LA biggest city yet to approve $15 minimum wage

Supporters applaud during the minimum wage increase vote as the Los Angeles City Council votes to raise the minimum wage in the city to $15 an hour by 2020. (AP Photo/Damian Dovarganes )

The city follows Seattle and San Francisco, with New York and Washington D.C. potentially on its heels -- and nobody knows for sure what happens next.

May 19 at 6:20 PM
Campaign for America's Future
ourfuture.org

The Los Angeles City Council voted overwhelmingly Tuesday to raise the city's minimum wage to $15 an hour by 2020, up from the current $9 an hour, making the city the largest in the country to set a target that has gone from almost absurdly ambitious to mainstream in the span of a few years.

The bill, which will need to clear a final vote, passed by a margin of 14-1. It comes in the wake of similar measures in Seattle and San Francisco, and as cities including New York and Washington D.C. consider raising their minimum wages to $15 as well.

All of the $15 minimum wages enacted thus far will be phased in over time -- Los Angeles's would start by stepping up to $10.50 by July 1 of 2016, and give businesses and nonprofits with fewer than 25 employees an extra year to comply.

The Council's vote is another victory for a coalition composed of labor unions, immigrant groups, community activists, and newly elected council members who seven months ago pushed through a $15.37 minimum wage for workers at large hotels. That move put those hotels in the position of arguing that the higher minimum should apply to all of the city's 3.88 million people.

Various economists have studied the effects of the higher minimum wage, disagreeing on what the impact will be.

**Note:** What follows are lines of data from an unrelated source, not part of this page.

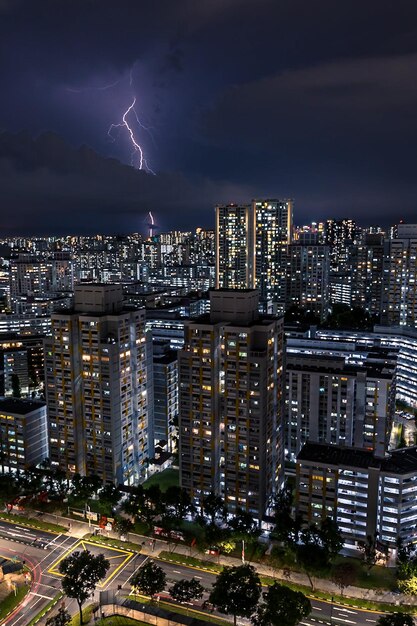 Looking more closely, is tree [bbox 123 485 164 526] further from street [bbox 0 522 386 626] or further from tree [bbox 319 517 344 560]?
tree [bbox 319 517 344 560]

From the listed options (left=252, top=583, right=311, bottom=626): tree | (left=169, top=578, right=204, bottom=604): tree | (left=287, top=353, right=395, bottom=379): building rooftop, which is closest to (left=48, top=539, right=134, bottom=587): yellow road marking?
(left=169, top=578, right=204, bottom=604): tree

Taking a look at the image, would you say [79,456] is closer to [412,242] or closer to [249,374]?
[249,374]

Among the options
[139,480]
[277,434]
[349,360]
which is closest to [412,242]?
[349,360]

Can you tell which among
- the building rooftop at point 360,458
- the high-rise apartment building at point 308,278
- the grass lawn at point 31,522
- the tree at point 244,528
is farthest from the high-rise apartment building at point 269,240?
the grass lawn at point 31,522

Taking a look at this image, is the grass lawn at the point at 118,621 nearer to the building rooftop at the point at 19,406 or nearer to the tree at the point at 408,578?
the tree at the point at 408,578

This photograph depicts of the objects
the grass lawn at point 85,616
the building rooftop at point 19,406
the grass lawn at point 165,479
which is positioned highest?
the building rooftop at point 19,406

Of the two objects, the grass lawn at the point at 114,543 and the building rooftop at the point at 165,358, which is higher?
the building rooftop at the point at 165,358
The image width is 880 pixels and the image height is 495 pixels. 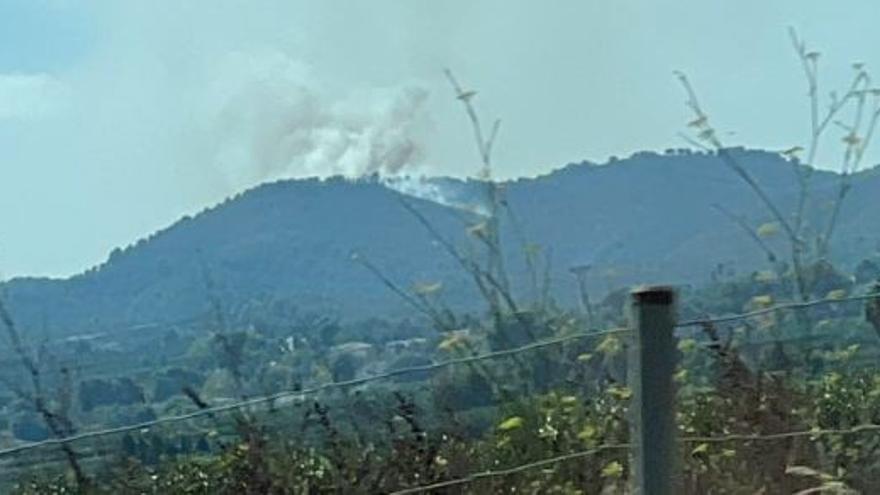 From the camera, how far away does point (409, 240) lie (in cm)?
1043

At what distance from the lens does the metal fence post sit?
4.27m

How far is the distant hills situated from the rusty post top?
2727 millimetres

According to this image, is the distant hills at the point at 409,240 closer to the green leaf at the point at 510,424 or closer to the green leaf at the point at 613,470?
the green leaf at the point at 510,424

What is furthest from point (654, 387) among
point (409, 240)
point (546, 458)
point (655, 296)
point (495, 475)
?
point (409, 240)

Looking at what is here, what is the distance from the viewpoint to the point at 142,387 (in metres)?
8.27

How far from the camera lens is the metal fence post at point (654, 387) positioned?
4270 millimetres

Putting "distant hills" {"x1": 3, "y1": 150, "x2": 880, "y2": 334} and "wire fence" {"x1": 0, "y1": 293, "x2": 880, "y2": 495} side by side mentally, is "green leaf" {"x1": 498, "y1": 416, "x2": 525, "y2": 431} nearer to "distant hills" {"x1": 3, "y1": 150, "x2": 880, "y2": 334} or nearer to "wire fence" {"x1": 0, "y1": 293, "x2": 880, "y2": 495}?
"wire fence" {"x1": 0, "y1": 293, "x2": 880, "y2": 495}

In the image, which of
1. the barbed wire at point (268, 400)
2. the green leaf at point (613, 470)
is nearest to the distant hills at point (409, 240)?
the green leaf at point (613, 470)

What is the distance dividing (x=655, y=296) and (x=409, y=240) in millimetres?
6175

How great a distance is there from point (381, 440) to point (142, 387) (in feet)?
7.47

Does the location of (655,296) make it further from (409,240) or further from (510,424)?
(409,240)

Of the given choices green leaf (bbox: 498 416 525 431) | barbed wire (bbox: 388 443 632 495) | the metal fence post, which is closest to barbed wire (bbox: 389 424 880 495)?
barbed wire (bbox: 388 443 632 495)

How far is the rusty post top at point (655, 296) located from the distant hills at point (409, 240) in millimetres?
2727

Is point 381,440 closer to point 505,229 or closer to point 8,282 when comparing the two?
point 505,229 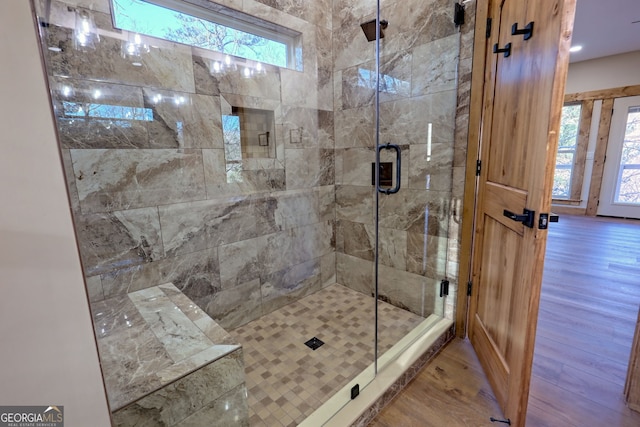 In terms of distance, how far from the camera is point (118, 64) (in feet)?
5.21

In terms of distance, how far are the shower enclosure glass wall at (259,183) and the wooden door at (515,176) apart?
0.99 ft

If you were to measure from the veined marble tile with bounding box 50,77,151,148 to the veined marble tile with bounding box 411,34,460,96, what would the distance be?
1.93 m

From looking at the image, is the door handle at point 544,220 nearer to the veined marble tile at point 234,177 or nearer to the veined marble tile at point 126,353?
the veined marble tile at point 126,353

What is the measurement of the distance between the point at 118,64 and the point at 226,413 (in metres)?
1.90

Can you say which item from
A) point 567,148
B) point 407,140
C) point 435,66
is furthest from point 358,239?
point 567,148

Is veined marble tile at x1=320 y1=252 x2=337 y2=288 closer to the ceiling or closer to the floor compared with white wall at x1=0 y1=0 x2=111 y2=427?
closer to the floor

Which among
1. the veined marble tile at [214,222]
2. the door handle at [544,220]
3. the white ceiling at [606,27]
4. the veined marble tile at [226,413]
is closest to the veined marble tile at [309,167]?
the veined marble tile at [214,222]

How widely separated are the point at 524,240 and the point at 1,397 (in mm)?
1603

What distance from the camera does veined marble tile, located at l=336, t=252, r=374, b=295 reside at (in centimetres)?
274

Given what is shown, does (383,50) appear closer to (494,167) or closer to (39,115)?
(494,167)

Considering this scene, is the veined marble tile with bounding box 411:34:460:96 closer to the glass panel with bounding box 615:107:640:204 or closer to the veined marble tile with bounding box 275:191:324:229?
the veined marble tile with bounding box 275:191:324:229

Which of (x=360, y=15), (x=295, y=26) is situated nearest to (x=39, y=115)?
(x=295, y=26)

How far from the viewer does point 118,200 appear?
165 centimetres

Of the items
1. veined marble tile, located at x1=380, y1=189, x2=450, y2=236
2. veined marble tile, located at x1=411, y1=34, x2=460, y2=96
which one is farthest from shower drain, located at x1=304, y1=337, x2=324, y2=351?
veined marble tile, located at x1=411, y1=34, x2=460, y2=96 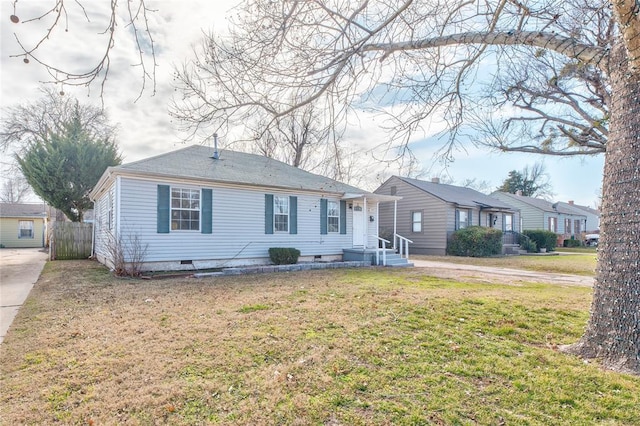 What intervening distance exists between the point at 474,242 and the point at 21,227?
33.7m

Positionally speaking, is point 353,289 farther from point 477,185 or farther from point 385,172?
point 477,185

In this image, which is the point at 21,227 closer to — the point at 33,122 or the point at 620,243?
the point at 33,122

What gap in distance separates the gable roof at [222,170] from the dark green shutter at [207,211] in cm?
54

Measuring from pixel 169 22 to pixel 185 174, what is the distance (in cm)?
758

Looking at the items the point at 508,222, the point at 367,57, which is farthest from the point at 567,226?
the point at 367,57

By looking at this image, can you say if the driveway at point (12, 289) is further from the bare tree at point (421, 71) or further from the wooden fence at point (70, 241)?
the bare tree at point (421, 71)

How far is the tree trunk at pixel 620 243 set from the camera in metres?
3.43

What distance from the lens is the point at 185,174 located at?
1088cm

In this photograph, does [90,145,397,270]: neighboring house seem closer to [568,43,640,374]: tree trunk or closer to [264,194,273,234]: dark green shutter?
[264,194,273,234]: dark green shutter

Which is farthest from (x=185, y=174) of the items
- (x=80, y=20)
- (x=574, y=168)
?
(x=574, y=168)

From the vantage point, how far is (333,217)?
14656 millimetres

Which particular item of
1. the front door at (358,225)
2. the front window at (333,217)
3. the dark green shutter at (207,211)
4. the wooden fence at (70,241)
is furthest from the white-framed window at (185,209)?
the wooden fence at (70,241)

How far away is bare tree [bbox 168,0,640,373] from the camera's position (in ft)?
11.6

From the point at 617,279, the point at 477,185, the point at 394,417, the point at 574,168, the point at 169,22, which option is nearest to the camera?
the point at 394,417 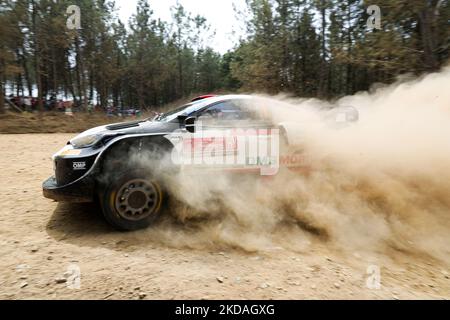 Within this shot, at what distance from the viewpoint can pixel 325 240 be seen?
151 inches

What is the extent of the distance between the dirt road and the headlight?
975 millimetres

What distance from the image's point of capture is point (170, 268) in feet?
9.75

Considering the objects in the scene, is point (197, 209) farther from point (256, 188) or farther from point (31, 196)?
point (31, 196)

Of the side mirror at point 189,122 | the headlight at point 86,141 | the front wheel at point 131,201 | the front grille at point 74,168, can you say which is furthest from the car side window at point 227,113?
the front grille at point 74,168

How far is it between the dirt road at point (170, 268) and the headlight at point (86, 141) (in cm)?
98

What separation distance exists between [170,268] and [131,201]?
105 cm

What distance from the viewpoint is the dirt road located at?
261cm

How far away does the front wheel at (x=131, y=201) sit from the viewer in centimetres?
357
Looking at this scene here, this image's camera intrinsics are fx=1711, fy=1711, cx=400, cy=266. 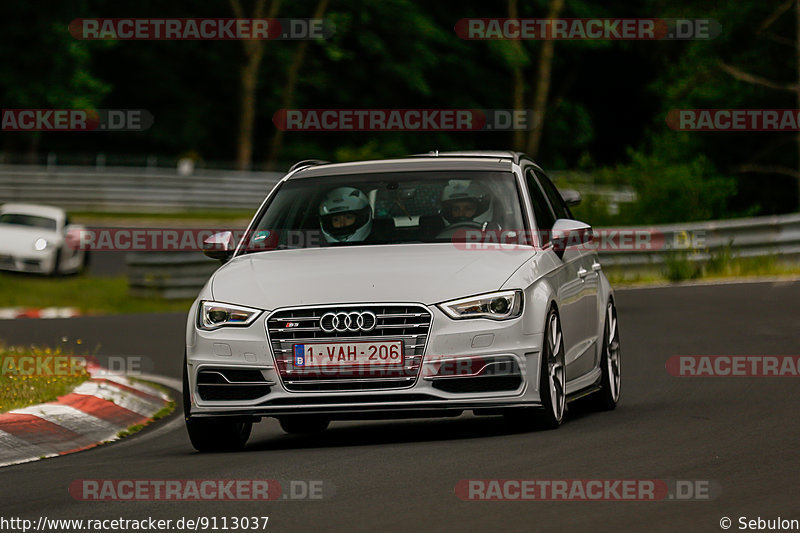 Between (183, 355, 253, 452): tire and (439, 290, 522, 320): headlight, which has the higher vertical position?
(439, 290, 522, 320): headlight

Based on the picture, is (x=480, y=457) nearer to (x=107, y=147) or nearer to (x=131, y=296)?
(x=131, y=296)

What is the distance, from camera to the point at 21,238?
99.9 feet

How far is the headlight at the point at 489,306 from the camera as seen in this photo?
947cm

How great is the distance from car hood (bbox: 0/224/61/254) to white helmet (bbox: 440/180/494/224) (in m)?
20.7

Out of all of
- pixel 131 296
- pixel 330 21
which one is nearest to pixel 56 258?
pixel 131 296

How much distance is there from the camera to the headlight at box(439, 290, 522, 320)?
9467 millimetres

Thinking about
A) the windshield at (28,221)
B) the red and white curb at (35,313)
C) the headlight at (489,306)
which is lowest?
the headlight at (489,306)

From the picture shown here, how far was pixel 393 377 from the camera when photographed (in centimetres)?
945

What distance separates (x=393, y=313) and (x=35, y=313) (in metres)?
15.1

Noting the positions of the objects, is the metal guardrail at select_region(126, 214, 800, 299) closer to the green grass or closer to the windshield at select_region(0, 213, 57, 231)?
the green grass

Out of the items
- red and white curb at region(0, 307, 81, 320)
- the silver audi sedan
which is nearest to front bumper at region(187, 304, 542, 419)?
the silver audi sedan

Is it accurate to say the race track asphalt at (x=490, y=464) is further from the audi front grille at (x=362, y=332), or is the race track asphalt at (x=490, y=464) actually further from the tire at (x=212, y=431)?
the audi front grille at (x=362, y=332)

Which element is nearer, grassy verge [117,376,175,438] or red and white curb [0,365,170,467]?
red and white curb [0,365,170,467]

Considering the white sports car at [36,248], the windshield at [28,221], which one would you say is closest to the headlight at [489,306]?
the white sports car at [36,248] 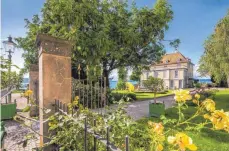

One analysis commissioned by mayor Eric Garcetti of an earlier, similar proposal -- to boost the minimum to $15.25 by 2019 -- found that 542,000 workers would receive a raise, taking into account the ripple effects on those who already make more than that amount. The average wage would increase by 20.4 percent, said researchers from the University of California-Berkeley, with the largest increases in the food service, healthcare, retail, administrative and waste management services. The study anticipated minimal job losses, with a decrease of only 0.2 percent of the employment base by 2019 (which would likely be cancelled out by 2.5 percent annual job growth in the city). Overall verdict: The higher wage would have more positive than negative effects.
Then there's the Los Angeles County Federation of Labor, which funded a study in 2013 that looked at the impact of a $15 minimum. That analysis sets the proposal against the backdrop of the city's mounting income inequality, and argues that low income workers would quickly reinvest all of the $7.6 billion extra in wages they could receive with a higher wage floor. It would also have a positive impact on public finances, adding $152 million per year to the city's coffers, the study found.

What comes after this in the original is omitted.